I reached a point a long time ago when I felt I could no longer turn to the religion I grew up with for answers to the big questions:  Why am I here?  What do I want out of life?  Why do the good die young?  What if there is no God or no afterlife?  What if there is no bliss?  I found that Catholicism just couldn't answer those questions for me anymore, nor could Christianity or Judaism.  Nevertheless, in the wake of that religion I found a huge void.  Functioning without that religion has been an incredibly thorny path.  Perhaps a shaky path is a better metaphor because it has meant learning to stand and to walk without a means of support.  A complete and all-sustaining means of support, by the way.  But just because a child learns to walk by himself does not mean that he walks away from his father and mother forever.  He still has a need for and a bond to what nurtured him. 

While I find that I cannot truly practice Christianity or any other religion that I've come across, certain rituals, images, and moments within Catholicism have nevertheless left a very profound impression on me.  While my own worldview is generally closer to that of Norse and even Greek mythology than to Judeo-Christian ethics, nothing has ever spoken to me so deeply as the Crucifixion does.  Not Wagner's Wotan, not Odysseus, not even Bilbo or Frodo Baggins.  I instantly identify with the silhouette of three crosses on Golgotha. 
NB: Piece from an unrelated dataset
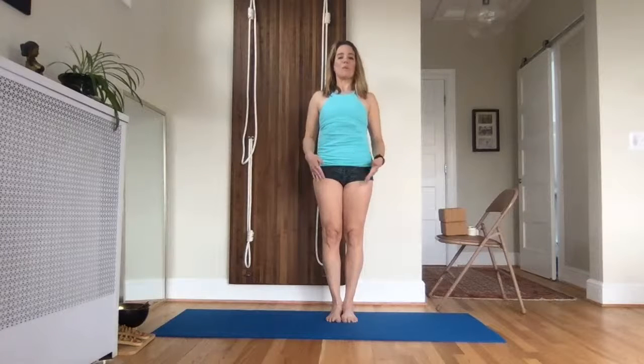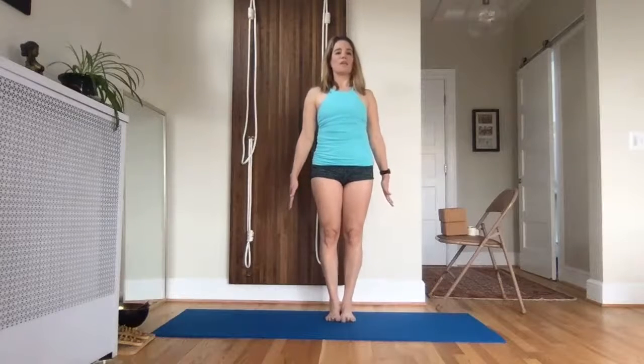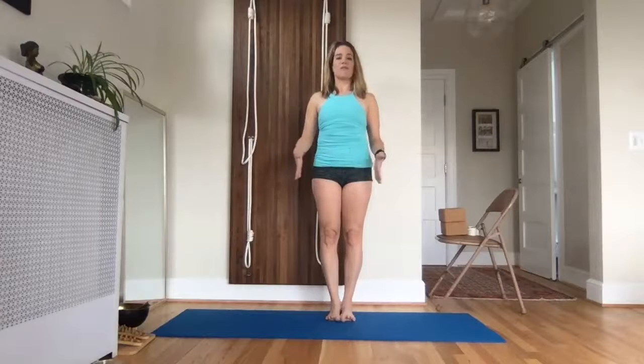I should say, by the way, if you have low back or knee issues, your feet should be hip distance apart. Otherwise, your feet should be heels together, balls of the feet together. If pregnant, also feet hip distance.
The Crucifixion symbolizes everything:  the death of God, the universal suffering and sorrow of life, the destruction and rebirth of all life, all matter, all energy.  It contains the message:  "You must die to yourself to be reborn."  Whatever it is you have that is you and only you:  destroy it.  Surrender your ego.  Leave aside the "I" for the "All."  You must sacrifice the thing you most care about and be reborn.  If you don't give it willingly, it will be taken from you and perish anyway.  It is the theme expressed in the Bonfire Song in Kurosawa's film Hidden Fortress.  It is the recurring message of Joseph Campbell's Hero with a Thousand Faces.  It is the message of Wagner's Tristan und Isolde.  It is a story told in all times and in all places and in all languages in a variety of images, be it Dionysus, Osiris, Adonis, Huitzilopochtli, and myriads more.  In my particular case, this story was told to me in the form of the Passion and Death of Christ.  It is a form which I recognize in my own life. 
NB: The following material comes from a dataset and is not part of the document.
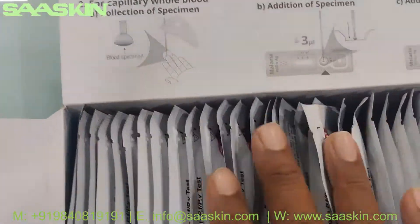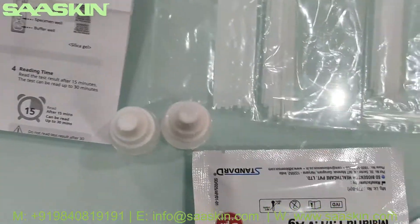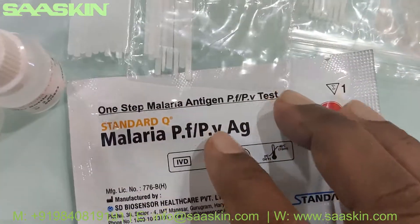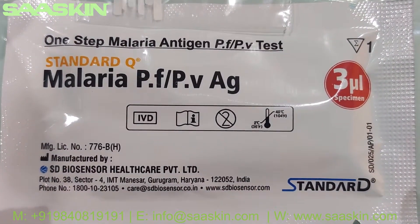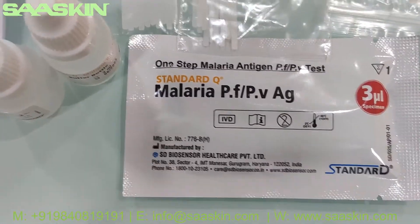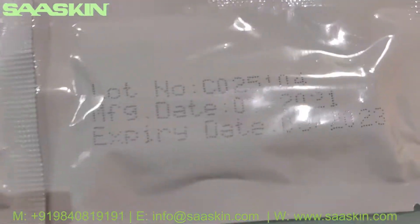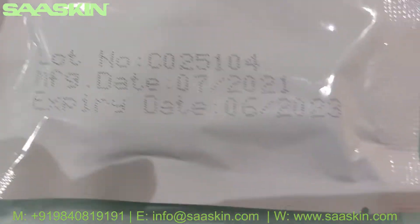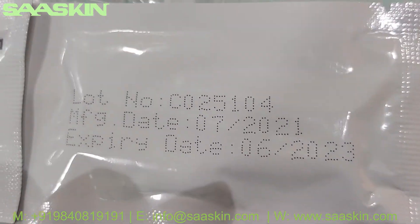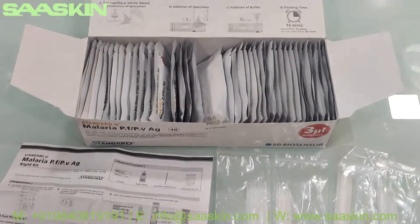You can see the 40 test cassettes in this box. Let me take two cassettes to show you. This is how the cassettes look like in detail. On the other side of the cassette, you can see it has an expiry of two years. So this is the total kit content.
And isn't this the message of Lent?  I know I've had to give up many of the people I've cared about over the years.  And I had to give up the main structure of my life a few years ago.  But in the end, mine was a story of renewal.  And what I've sacrificed has led to my own rebirth.  I can look at sacrifice and change with gratitude and humility.  My entire view of life has changed.  I can say with Nietzsche: "Yea and amen!" to everything. 

So I'm observing at least one little portion of Lent this year.  Because my life is in accord with its mystery.  Because all life is the Via Dolorosa.  Because my life is the Via Dolorosa.  Because all life is the springtime born from the ashes of the dead.  And I can still see it, even without a church. 

So let's give up the tea!  And let's welcome our own spiritual birth.  Yea and amen!